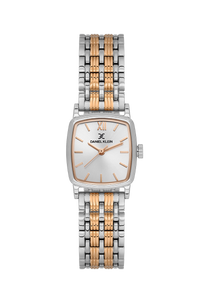 Daniel Klein DK.1.14102-6 For Women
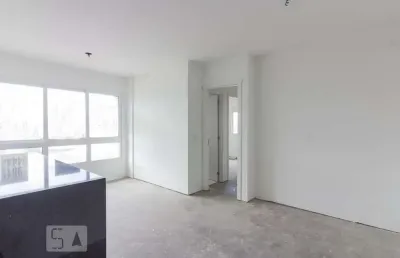 Apartamento para venda - boa vista, 2 quartos,  64 m² - porto alegre
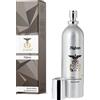 DREMAR PARFUM INTERNAT. Srl LES PERLES D'ORIENT AFGHAN EDP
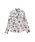 HYSTERIC GLAMOUR�i�q�X�e���b�N�O���}�[�j�́uROCK HAPPENING�� �R���p�N�g�V���c�i�V���c/�u���E�X�j�v�b�z���C�g�n���̑�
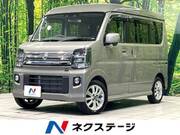 2024 NISSAN OTHER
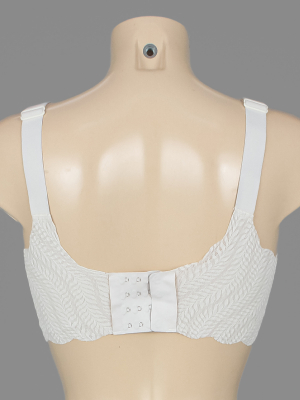 Бюстгальтер для кормления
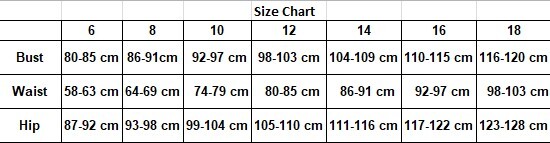florence-bohemia-size-chart.jpg florence-bohemia-size-chart.jpg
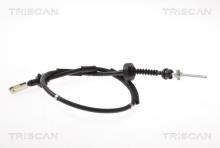 Triscan A/S 8140 28294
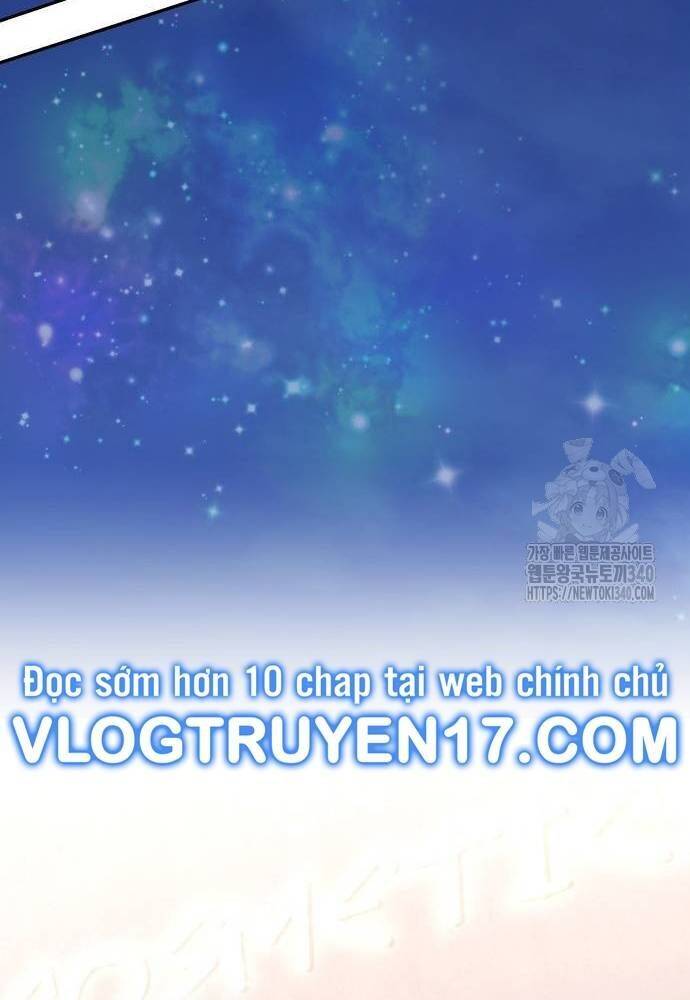 Studio Tùy Hứng Của Nghệ Sĩ Thiên Tài - Chapter 47 - Page 130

☆ ☆ ☆ ☆ ☆ ☆ ☆

— Problem requirements —
Could the entries above be written out word for word, with no pictures?

— Completed exercise —
 Daniel Klein DK.1.14102-6 For Women
 Apartamento para venda - boa vista, 2 quartos,  64 m² - porto alegre
 DREMAR PARFUM INTERNAT. Srl LES PERLES D'ORIENT AFGHAN EDP
 HYSTERIC GLAMOUR�i�q�X�e���b�N�O���}�[�j�́uROCK HAPPENING�� �R���p�N�g�V���c�i�V���c/�u���E�X�j�v�b�z���C�g�n���̑�
 2024 NISSAN OTHER
 Бюстгальтер для кормления
florence-bohemia-size-chart.jpg florence-bohemia-size-chart.jpg
 Triscan A/S 8140 28294
 Studio Tùy Hứng Của Nghệ Sĩ Thiên Tài - Chapter 47 - Page 130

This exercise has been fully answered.